Una volta eletto ed insediato in carica, il 20 gennaio del 1961, il giovane neo-presidente mantenne nei confronti degli elettori ogni impegno contenuto nel messaggio d’insediamento.
Aveva, infatti, affermato che, avrebbe aiutato i popoli poveri, non solo all’interno degli Stati Uniti, ma in tutto il mondo, “ad aiutarsi per uscire dalla miseria, e non per desiderio di pubblicità, ma per fine di giustizia…”, ed il suo primo atto, come presidente, fu quello di raddoppiare, con un decreto-legge presidenziale avente effetto immediato, la razione di viveri per gli americani indigenti. Istitutì, poi, l’”Alleanza per il progresso”, un programma decennale di aiuti economici per i Paesi sottosviluppati dell’America Latina e dell’Africa, varò il programma “Food for peace”, che prevedeva l’invio delle eccedenze agricole americane a chiunque ne avesse bisogno, formò ed organizzò il corpo dei Volontari della Pace, con l’espresso incarico d’interscambio culturale di insegnanti, esperti e tecnici tra gli Stati Uniti e gli altri Paesi del Mondo.

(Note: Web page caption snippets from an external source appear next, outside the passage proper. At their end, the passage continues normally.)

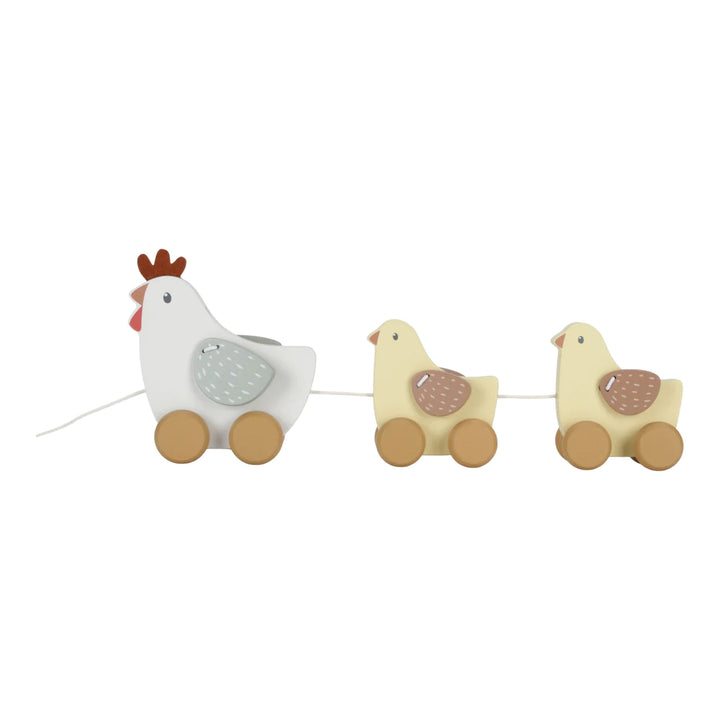 Little Dutch - Pull Along - Chicken - Mabel & Fox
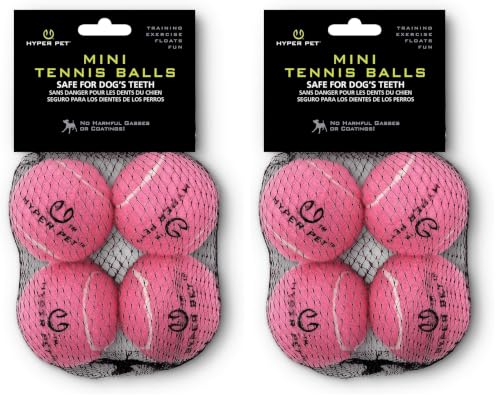 Image of Hyper Pet Mini Extra Small Tennis Balls for Dogs, 1.75 Inch, 8 Pack, Pink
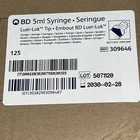 Case- 125 Ea- Bd Disposable 5ML Syringe No Needle Luer-lok Tip 309646 New. Price: $25.00.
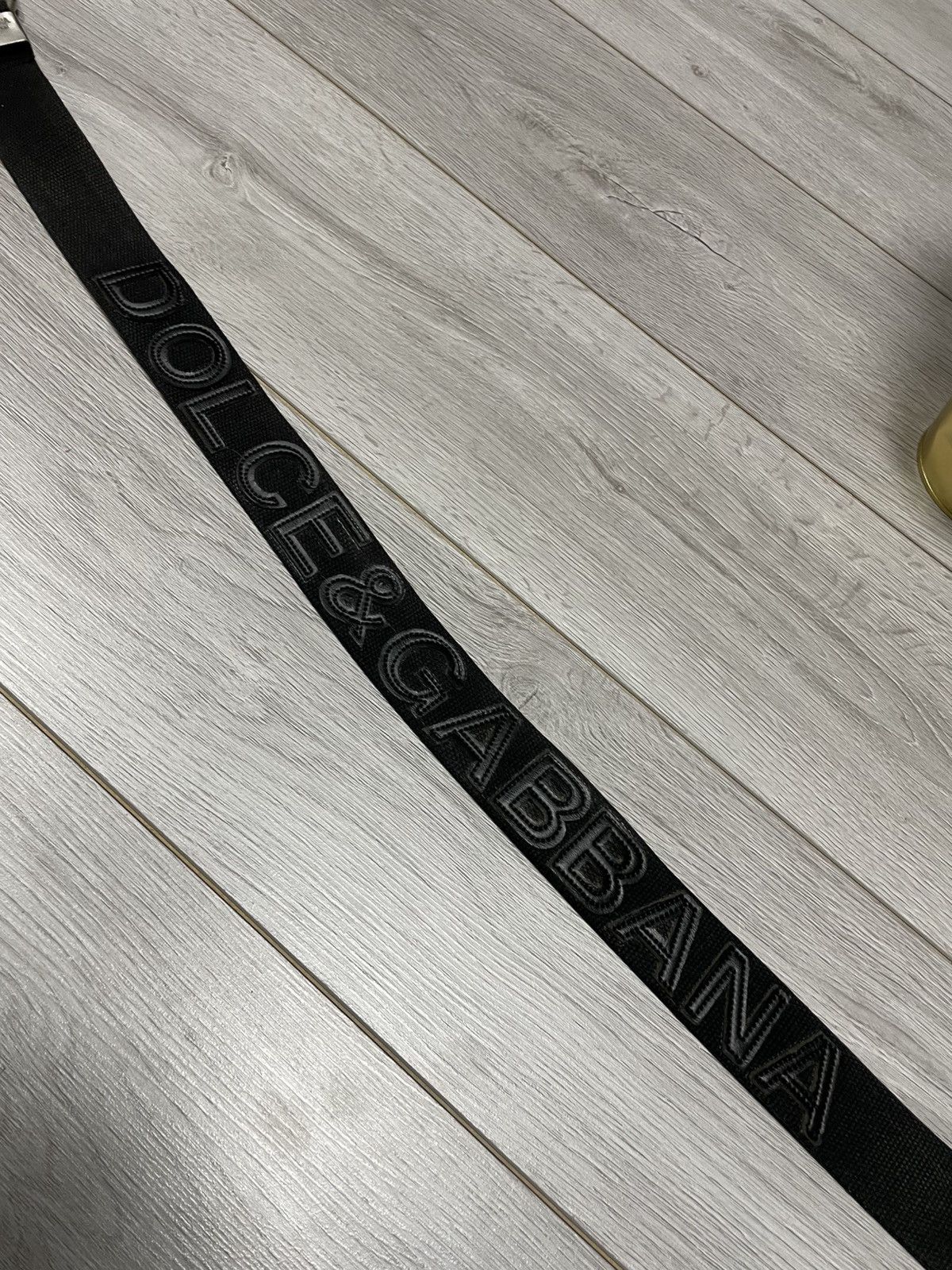Dolce & Gabbana × Vintage Dolce & Gabbana big logo mens denim letters spell out belt Size ONE SIZE - 7 Thumbnail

Più di qualsiasi altro predecessore, diede rilievo alla cultura, ed i suoi consiglieri ed esperti nelle varie materie, irriverentemente definiti “heads egg”, costituirono un formidabile team ed un eclatante esempio di quella costruttiva collaborazione che può e deve costituirsi tra intellettuali e politica, per i fini più nobili di una Nazione.
Chiese, poi, sempre nel messaggio d’insediamento, ai Paesi avversari di “fare un tentativo, uno sforzo, decisivo, per mantenere la pace”, prima che “la terrificante forza dell’atomica” annientasse l’intera umanità. Anche in questo settore mantenne la promessa e fu l’uomo della pace e del dialogo con tutti i Paesi del Mondo, nella diversità dei loro sistemi politici.
Noi oggi lo ricordiamo, con grande, immutato e particolare affetto, come il grande Leader mondiale non solo per il modo inaspettato e tragico della sua incredibile ed inimmaginabile scomparsa, ma anche per i valori morali, indiscussi ed in discutibili che infuse nel suo lavoro, rendendo la sua presidenza tra le più ricordate ed amate della storia americana, per le sue capacità intellettuali tanto elevate ed acute pur a dispetto della giovanissima età d’investitura nella carica, per la sua lotta contro i pregiudizi, l’egoismo e la guerra, che lo resero un leader aperto ai problemi mondiali e deciso – per ricordare le sue stesse parole “a creare non un nuovo equilibrio di potenze ma un mondo nuovo dove sia sovrana la legge, i forti sino giusti, i deboli protetti e la pace sia garantita per sempre”.
La comprensione che il giovane presidente ebbe dei problemi mondiali, l’impegno e la dedizione consacrati alla causa della pace nel Mondo, attraverso la ricerca del dialogo tra i popoli in generale – e non solo nei rapporti tra gli Stati Uniti e l’Unione Sovietica – pongono il presidente Kennedy in una elevata dimensione storica al punto che é stato bene definito come “l’uomo, il più adatto, fra quelli del suo tempo, ad essere presidente” ovvero come “l’uomo che fu all’altezza degli anni 60”.
Nel firmamento della politica internazionale, la stella del 35° presidente americano ci sarà sempre e brillerà perenne ad illuminare il futuro della storia dei popoli del Mondo.